* [Action item]
Extract the whole listing as it stands. Do not include the pictures.

* [Data provided]
[Start of section]
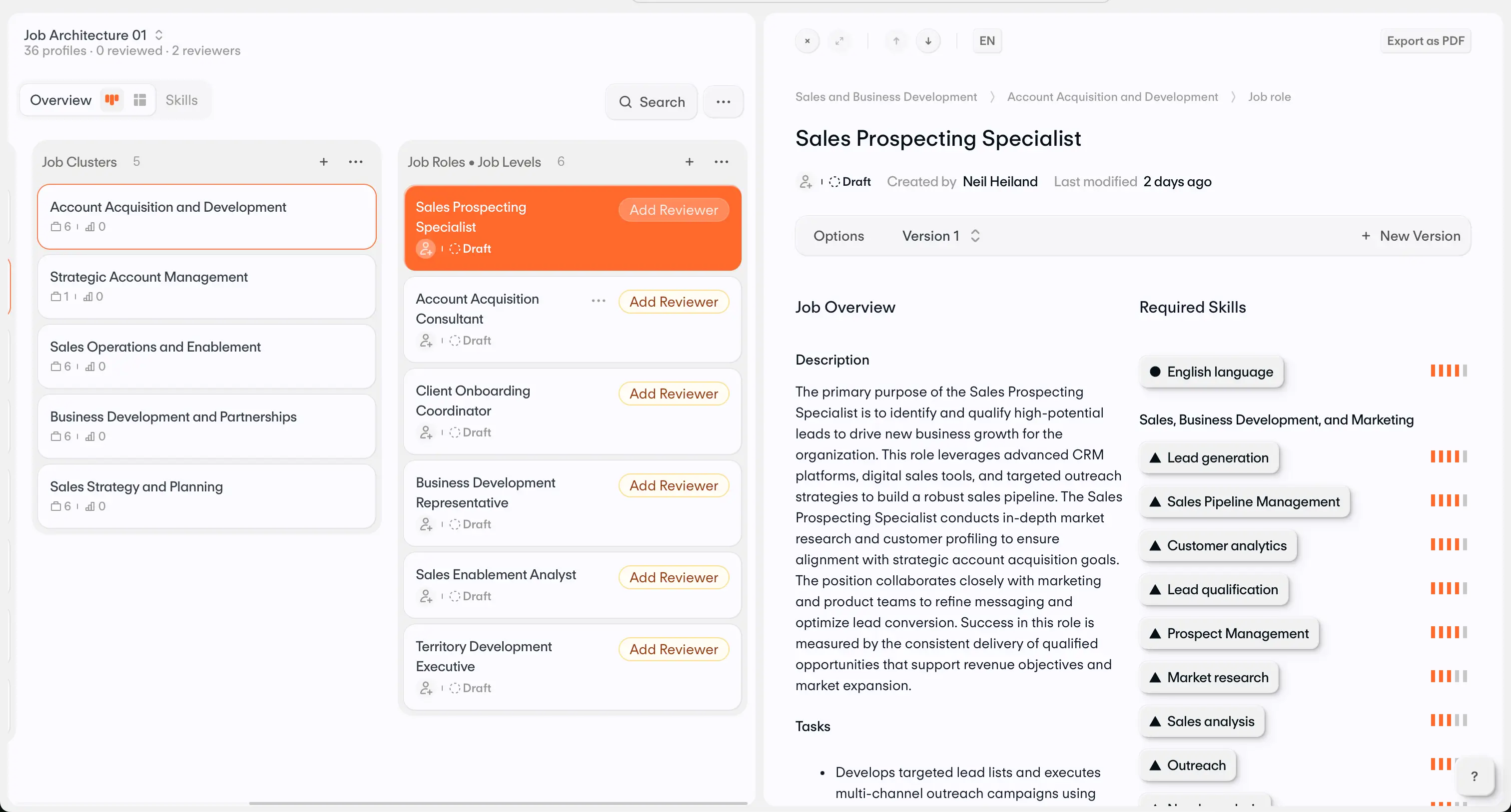 Cobrainer Skills Platform — job families, roles, levels, and skills in one view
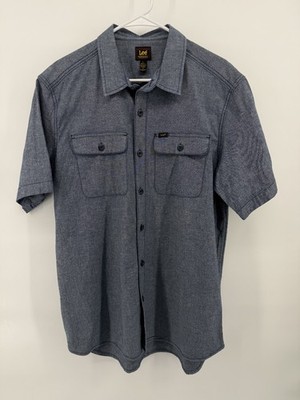 NEW Lee 101 Dark Denim Shirt Men L Short Sleeve Workwear Button Cotton Rugged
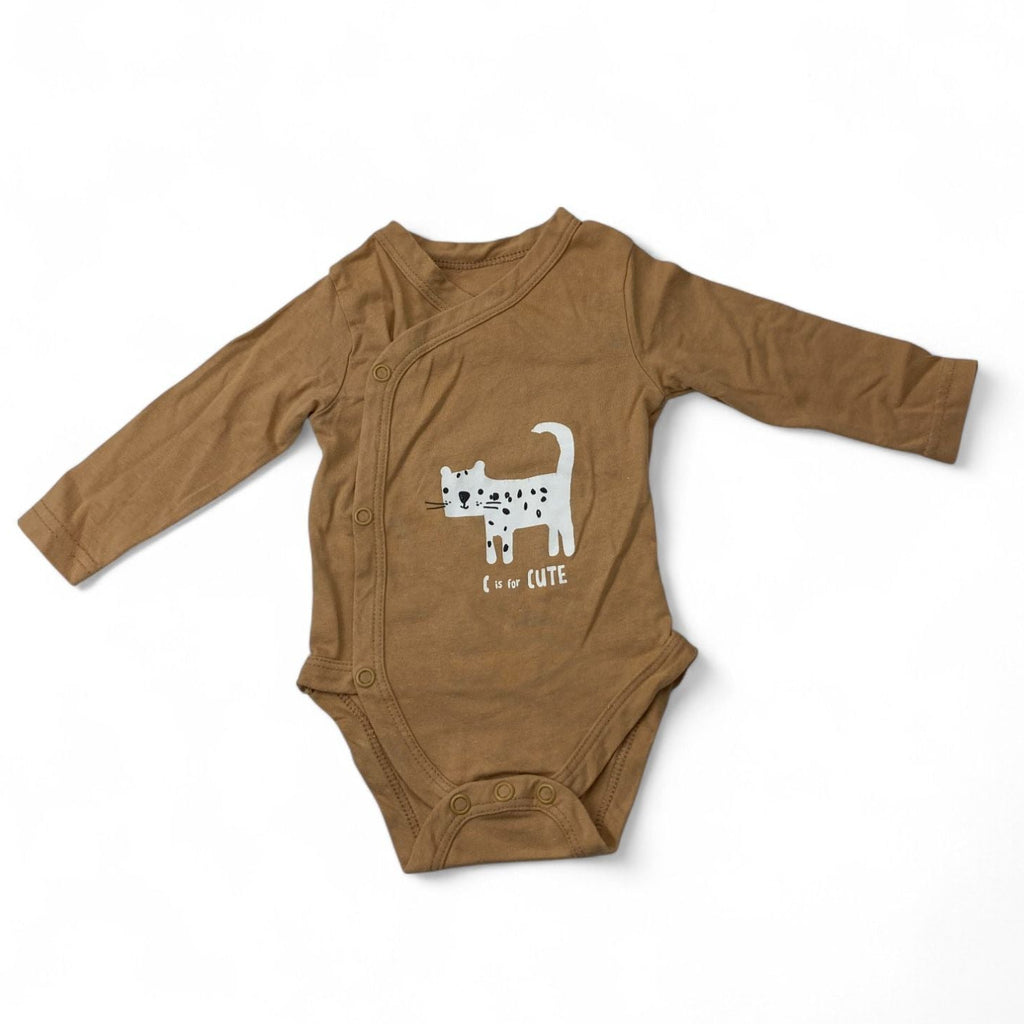1-3M Tan Cat Side Snap Bodysuit - Woolworths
[End of section]
* [Response to the task]
 Cobrainer Skills Platform — job families, roles, levels, and skills in one view
 NEW Lee 101 Dark Denim Shirt Men L Short Sleeve Workwear Button Cotton Rugged
1-3M Tan Cat Side Snap Bodysuit - Woolworths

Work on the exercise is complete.